»»
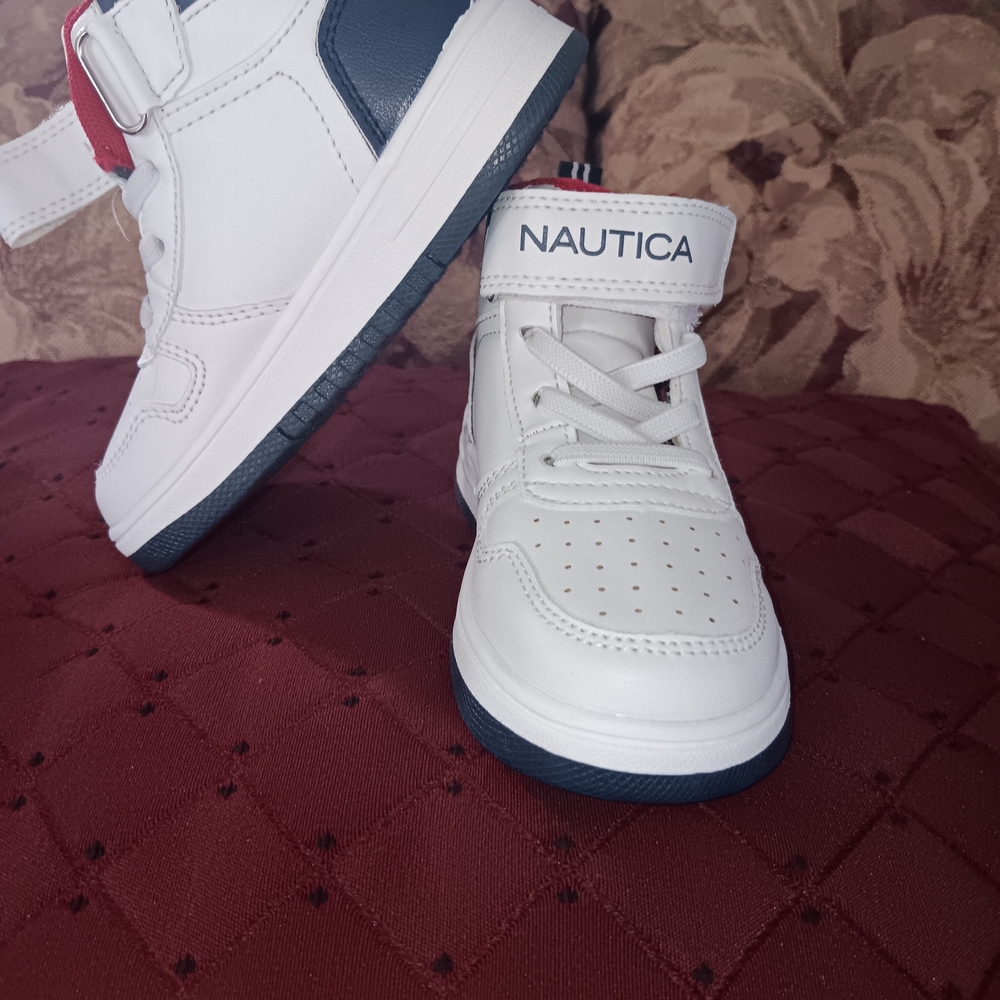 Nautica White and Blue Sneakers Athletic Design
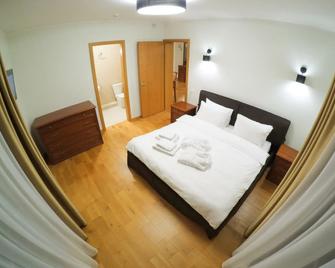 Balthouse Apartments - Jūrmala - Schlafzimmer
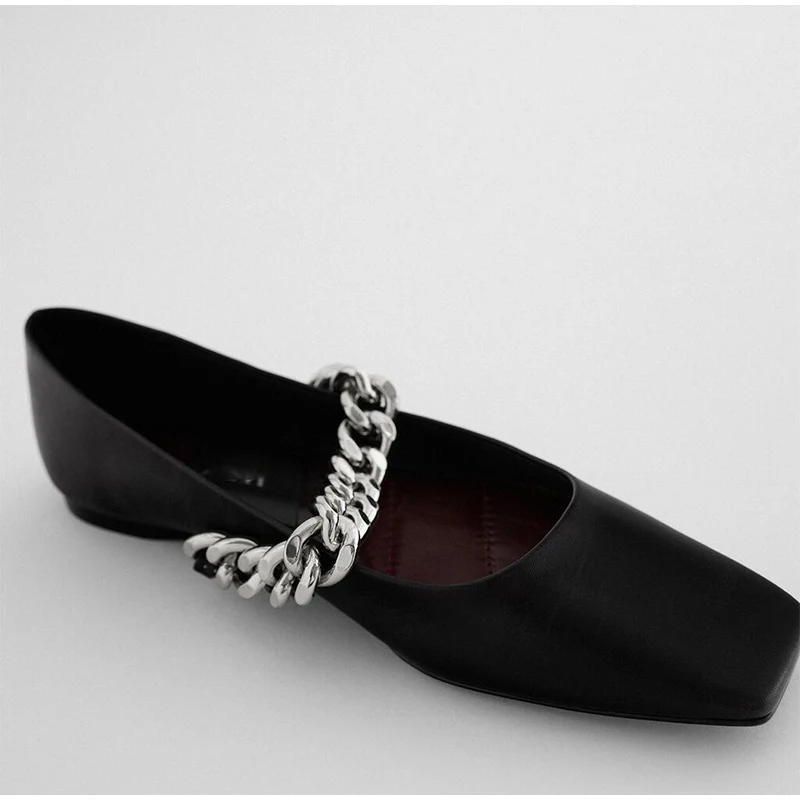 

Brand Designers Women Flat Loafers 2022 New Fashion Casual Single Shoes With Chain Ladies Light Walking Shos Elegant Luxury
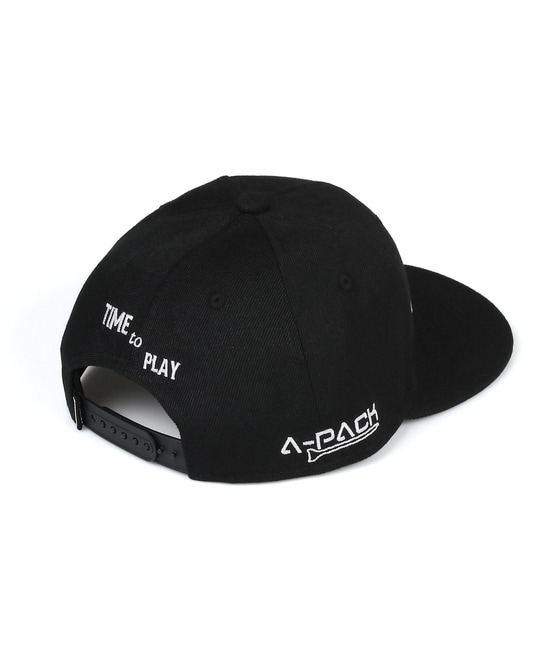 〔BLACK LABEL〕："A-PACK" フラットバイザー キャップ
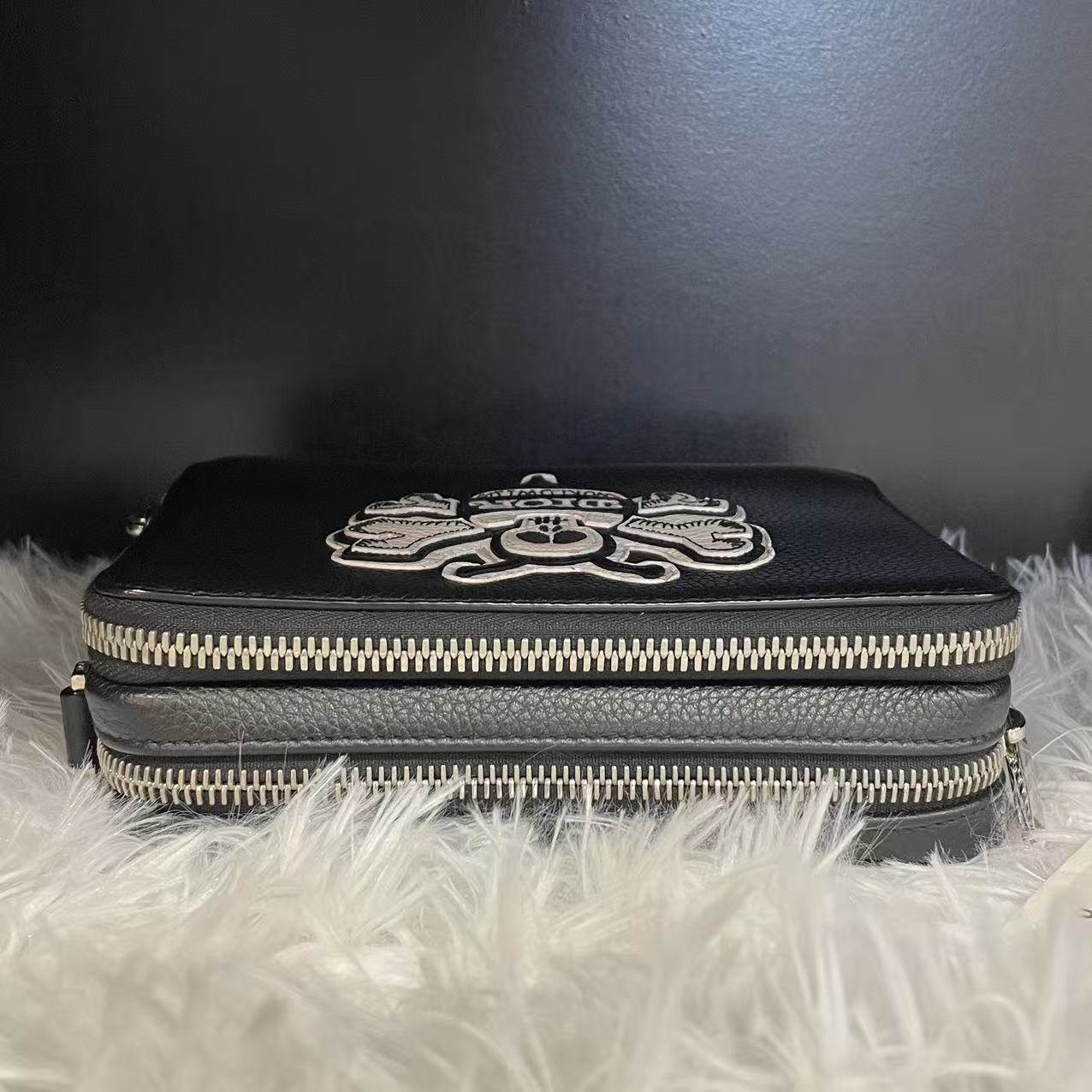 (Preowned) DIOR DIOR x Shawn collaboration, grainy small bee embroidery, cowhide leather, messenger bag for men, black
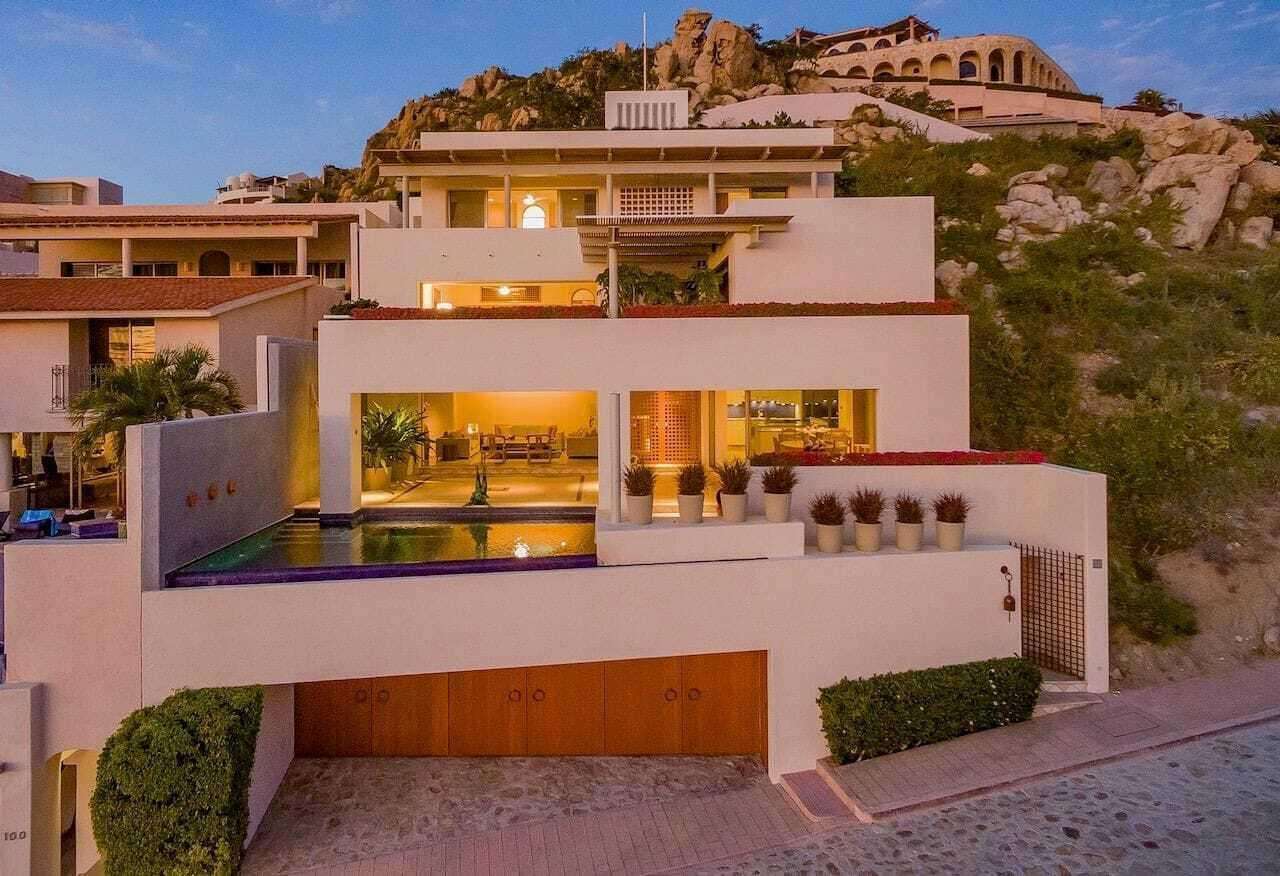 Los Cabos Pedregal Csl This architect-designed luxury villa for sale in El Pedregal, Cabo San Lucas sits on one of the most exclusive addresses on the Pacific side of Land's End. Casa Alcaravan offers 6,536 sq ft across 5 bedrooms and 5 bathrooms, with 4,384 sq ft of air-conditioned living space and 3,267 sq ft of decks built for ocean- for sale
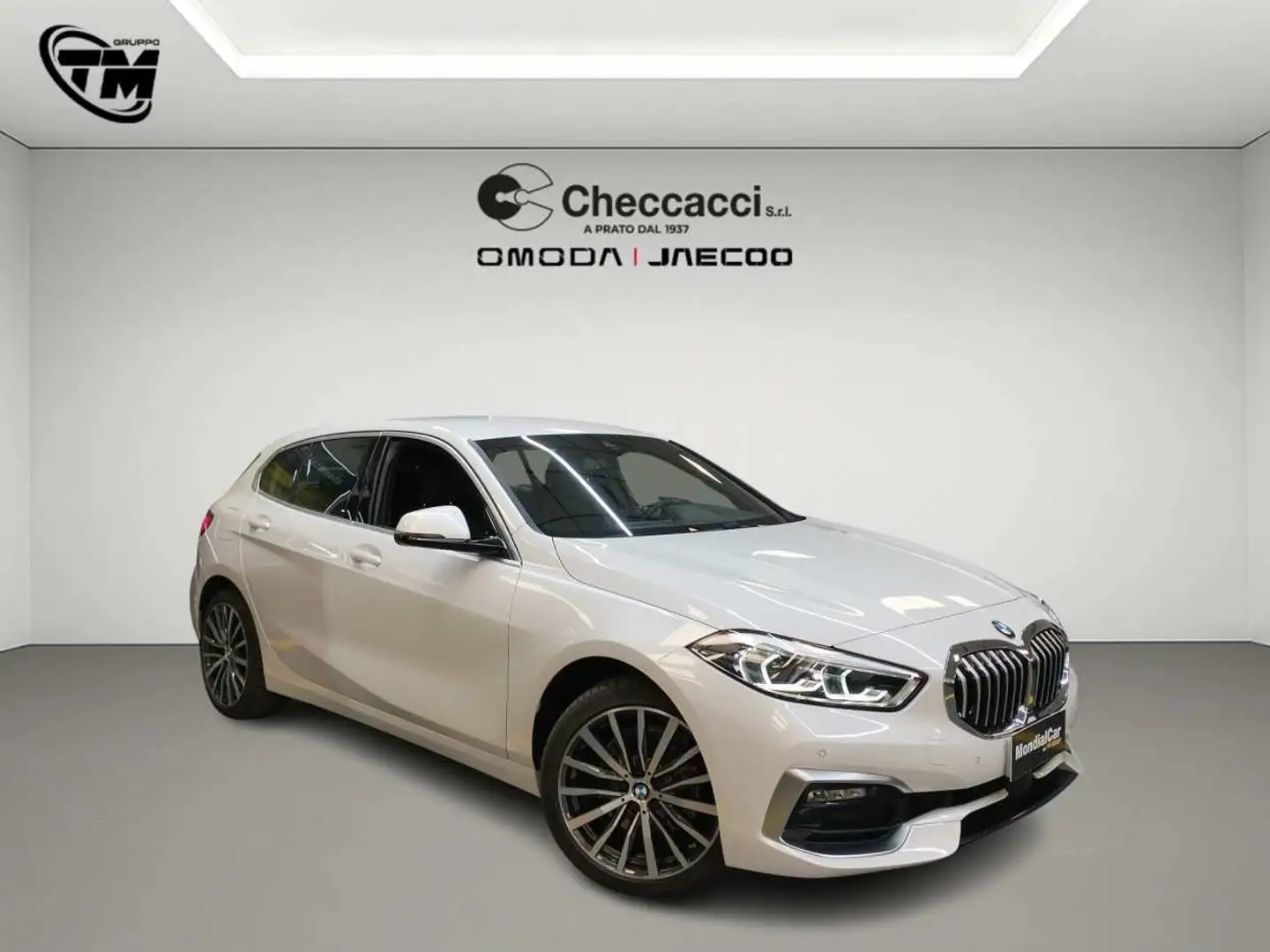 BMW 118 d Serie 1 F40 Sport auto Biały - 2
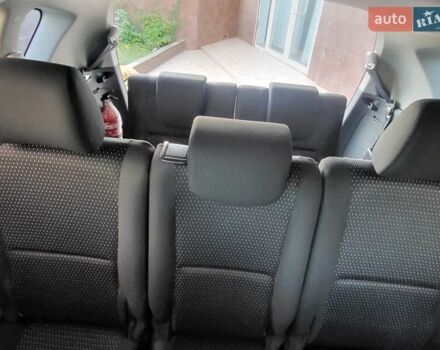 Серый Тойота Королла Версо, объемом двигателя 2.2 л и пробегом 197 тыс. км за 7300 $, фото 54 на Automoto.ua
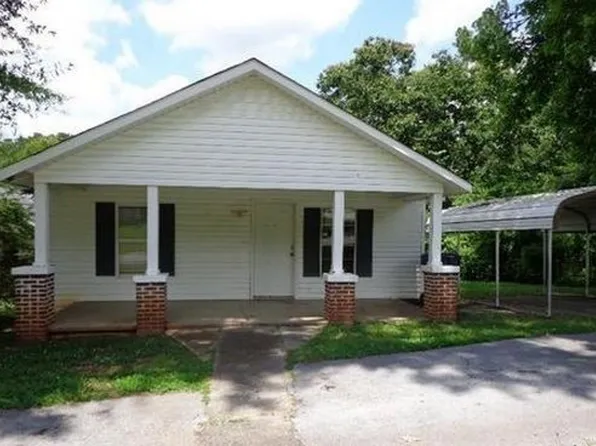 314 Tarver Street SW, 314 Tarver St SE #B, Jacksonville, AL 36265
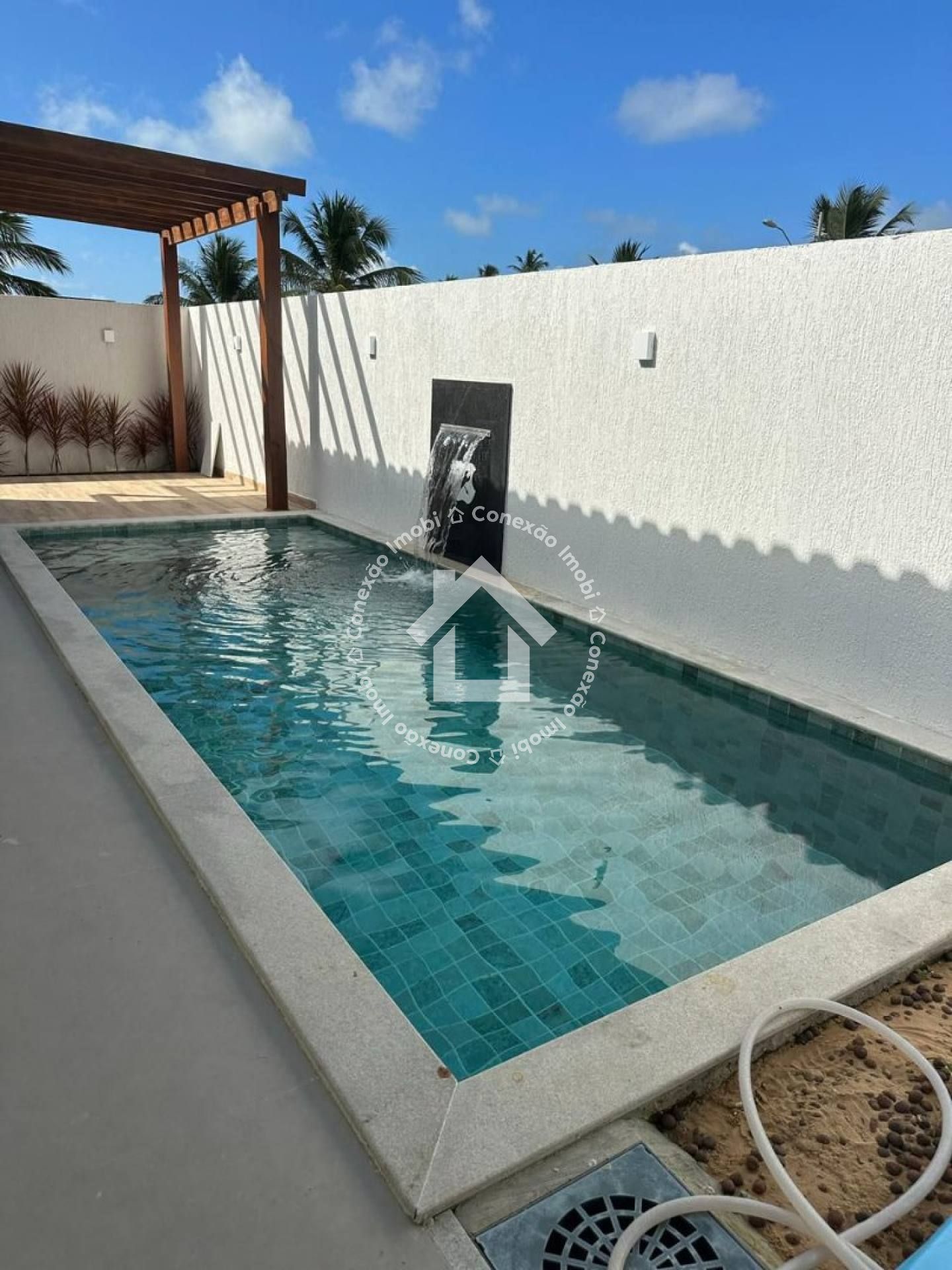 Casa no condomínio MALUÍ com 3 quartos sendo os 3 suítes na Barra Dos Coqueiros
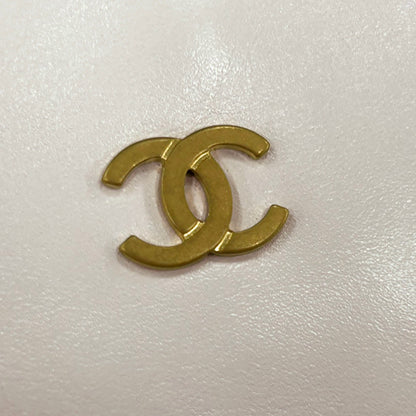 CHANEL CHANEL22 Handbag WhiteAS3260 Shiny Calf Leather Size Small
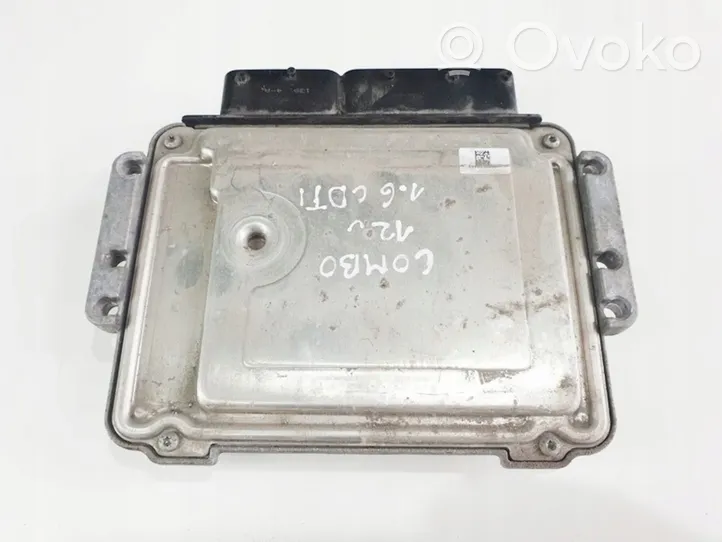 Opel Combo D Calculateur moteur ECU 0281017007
««
Assignment: Restate the records above word for word, without the pictures.

Exercise result:
 Nautica White and Blue Sneakers Athletic Design
 Balthouse Apartments - Jūrmala - Schlafzimmer

Brand Designers Women Flat Loafers 2022 New Fashion Casual Single Shoes With Chain Ladies Light Walking Shos Elegant Luxury
 〔BLACK LABEL〕："A-PACK" フラットバイザー キャップ
 (Preowned) DIOR DIOR x Shawn collaboration, grainy small bee embroidery, cowhide leather, messenger bag for men, black
 Los Cabos Pedregal Csl This architect-designed luxury villa for sale in El Pedregal, Cabo San Lucas sits on one of the most exclusive addresses on the Pacific side of Land's End. Casa Alcaravan offers 6,536 sq ft across 5 bedrooms and 5 bathrooms, with 4,384 sq ft of air-conditioned living space and 3,267 sq ft of decks built for ocean- for sale
 BMW 118 d Serie 1 F40 Sport auto Biały - 2
 Серый Тойота Королла Версо, объемом двигателя 2.2 л и пробегом 197 тыс. км за 7300 $, фото 54 на Automoto.ua
 314 Tarver Street SW, 314 Tarver St SE #B, Jacksonville, AL 36265
 Casa no condomínio MALUÍ com 3 quartos sendo os 3 suítes na Barra Dos Coqueiros
 CHANEL CHANEL22 Handbag WhiteAS3260 Shiny Calf Leather Size Small
 Opel Combo D Calculateur moteur ECU 0281017007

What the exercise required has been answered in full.